Os pesquisadores perceberam que a ingestão excessiva de açúcar (incluindo açúcares totais e açúcares adicionados) está associada à obesidade, diabetes tipo 2 e doenças cardiovasculares, principalmente por meio de vias que envolvem estresse oxidativo, inflamação e insulina. Agora, há evidências suficientes de que a obesidade aumenta o risco de desenvolver 13 cânceres diferentes, possivelmente em parte devido aos níveis elevados, mas ineficazes de insulina, ou seja, resistência à insulina (Goncalves et al, 2019). Os dados dos ensaios para estabelecer uma conexão entre dieta e câncer têm sido geralmente menos consistentes (Debras et al, American Journal of Clinical Nutrition , 2020) e “podem ser dependentes do tumor, paciente e contexto” (Goncalves et al, 2019).


Um estudo francês prospectivo de 10 anos, NutriNet-Sante, incluindo mais de 100.000 voluntários estudados para um acompanhamento médio de quase 6 anos, descobriu que a ingestão total de açúcar estava associada a um maior risco geral de câncer, particularmente para câncer de mama, mesmo quando ajustado para ganho de peso. Os pesquisadores concluíram que, embora não pudessem estabelecer a causalidade, a ingestão de açúcar “pode representar um fator de risco modificável para a prevenção do câncer” (Debras et al, 2020).

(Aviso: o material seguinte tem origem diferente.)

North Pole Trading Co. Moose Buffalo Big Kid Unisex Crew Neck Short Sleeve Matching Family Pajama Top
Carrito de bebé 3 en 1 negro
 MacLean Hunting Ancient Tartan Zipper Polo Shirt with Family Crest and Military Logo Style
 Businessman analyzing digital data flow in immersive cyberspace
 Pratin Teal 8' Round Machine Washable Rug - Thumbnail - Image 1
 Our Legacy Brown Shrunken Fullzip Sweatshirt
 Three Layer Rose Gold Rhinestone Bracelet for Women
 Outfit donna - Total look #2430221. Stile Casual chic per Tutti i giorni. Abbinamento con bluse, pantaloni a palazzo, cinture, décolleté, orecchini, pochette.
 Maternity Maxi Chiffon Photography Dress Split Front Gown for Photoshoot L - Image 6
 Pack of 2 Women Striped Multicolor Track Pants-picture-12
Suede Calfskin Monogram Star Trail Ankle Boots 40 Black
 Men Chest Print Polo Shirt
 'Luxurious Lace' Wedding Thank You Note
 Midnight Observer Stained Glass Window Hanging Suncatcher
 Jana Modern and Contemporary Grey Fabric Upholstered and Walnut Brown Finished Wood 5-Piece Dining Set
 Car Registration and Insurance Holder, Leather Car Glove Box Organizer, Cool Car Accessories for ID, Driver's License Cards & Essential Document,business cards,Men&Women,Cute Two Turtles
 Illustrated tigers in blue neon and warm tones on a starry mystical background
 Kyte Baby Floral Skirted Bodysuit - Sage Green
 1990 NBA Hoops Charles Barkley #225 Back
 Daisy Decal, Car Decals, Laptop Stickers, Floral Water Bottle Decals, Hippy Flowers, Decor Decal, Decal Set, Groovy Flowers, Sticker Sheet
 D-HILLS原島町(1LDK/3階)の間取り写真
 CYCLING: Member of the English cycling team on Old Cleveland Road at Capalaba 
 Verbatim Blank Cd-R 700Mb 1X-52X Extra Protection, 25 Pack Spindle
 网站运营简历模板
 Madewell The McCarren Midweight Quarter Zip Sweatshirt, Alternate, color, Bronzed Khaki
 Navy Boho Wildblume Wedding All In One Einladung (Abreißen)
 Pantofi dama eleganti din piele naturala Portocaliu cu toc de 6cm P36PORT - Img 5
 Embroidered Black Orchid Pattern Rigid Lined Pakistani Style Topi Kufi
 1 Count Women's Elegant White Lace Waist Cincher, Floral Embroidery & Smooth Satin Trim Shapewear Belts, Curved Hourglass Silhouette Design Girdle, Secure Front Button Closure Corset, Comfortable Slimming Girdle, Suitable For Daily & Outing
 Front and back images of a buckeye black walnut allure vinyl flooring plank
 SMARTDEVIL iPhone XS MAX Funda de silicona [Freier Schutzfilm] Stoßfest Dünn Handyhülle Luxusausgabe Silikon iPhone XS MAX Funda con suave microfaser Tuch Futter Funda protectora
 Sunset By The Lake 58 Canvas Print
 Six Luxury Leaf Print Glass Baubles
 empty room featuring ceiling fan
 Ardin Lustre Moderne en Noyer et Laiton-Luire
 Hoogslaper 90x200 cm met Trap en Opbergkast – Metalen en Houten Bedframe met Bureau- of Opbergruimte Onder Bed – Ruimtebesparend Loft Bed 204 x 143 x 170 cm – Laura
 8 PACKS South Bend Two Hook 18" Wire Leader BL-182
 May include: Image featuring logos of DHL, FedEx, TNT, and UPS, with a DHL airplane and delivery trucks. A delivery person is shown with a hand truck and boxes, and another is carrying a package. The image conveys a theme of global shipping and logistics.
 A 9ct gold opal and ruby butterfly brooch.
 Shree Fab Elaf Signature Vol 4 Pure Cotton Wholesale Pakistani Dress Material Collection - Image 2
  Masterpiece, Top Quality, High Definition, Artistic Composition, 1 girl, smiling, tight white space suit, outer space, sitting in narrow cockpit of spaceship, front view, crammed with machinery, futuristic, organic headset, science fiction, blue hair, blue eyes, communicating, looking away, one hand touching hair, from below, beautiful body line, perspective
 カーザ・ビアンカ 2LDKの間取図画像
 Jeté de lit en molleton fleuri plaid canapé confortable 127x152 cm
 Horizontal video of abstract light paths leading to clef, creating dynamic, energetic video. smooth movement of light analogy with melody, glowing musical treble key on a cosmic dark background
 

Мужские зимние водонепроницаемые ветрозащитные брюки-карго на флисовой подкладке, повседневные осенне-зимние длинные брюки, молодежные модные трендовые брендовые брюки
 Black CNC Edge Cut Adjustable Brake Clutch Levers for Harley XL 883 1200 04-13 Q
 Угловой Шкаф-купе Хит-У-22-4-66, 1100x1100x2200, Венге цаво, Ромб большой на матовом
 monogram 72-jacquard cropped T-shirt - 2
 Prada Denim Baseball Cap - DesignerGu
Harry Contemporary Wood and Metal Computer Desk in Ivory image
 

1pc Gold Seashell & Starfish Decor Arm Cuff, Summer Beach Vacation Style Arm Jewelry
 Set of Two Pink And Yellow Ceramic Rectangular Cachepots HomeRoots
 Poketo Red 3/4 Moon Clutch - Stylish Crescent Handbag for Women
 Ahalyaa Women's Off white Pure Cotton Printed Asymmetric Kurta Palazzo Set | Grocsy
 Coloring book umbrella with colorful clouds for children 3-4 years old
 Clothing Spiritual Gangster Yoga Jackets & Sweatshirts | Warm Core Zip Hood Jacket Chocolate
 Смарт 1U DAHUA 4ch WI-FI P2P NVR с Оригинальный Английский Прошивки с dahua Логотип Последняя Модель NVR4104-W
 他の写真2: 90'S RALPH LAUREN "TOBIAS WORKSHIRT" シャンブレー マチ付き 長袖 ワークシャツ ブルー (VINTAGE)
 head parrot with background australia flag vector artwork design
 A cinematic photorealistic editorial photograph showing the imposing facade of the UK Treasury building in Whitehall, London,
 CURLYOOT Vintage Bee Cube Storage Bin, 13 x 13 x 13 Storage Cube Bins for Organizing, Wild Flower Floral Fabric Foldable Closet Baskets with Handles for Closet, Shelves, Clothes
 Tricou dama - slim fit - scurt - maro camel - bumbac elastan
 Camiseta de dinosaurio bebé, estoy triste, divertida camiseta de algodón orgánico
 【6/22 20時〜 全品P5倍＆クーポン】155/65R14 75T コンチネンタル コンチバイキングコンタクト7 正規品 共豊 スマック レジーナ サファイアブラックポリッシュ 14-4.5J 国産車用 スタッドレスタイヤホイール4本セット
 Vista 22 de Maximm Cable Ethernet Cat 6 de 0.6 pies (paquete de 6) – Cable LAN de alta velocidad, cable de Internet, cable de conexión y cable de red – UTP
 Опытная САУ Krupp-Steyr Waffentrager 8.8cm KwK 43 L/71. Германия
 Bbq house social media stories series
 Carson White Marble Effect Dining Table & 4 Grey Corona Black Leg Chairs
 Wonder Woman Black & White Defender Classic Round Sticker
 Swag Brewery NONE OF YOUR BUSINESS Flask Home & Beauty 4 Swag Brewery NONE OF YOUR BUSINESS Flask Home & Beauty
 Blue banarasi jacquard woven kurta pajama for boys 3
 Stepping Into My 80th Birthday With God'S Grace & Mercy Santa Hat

Não é possível estabelecer uma conexão causal entre dieta e doença, inclusive entre dieta e câncer, principalmente devido à complexidade metodológica da pesquisa nutricional. Estudos em modelos animais e humanos indicam, no entanto, que níveis persistentemente elevados de insulina (ou seja, hiperinsulinemia crônica) da ingestão excessiva de açúcar produzem um ambiente propício para a proliferação de alguns tumores.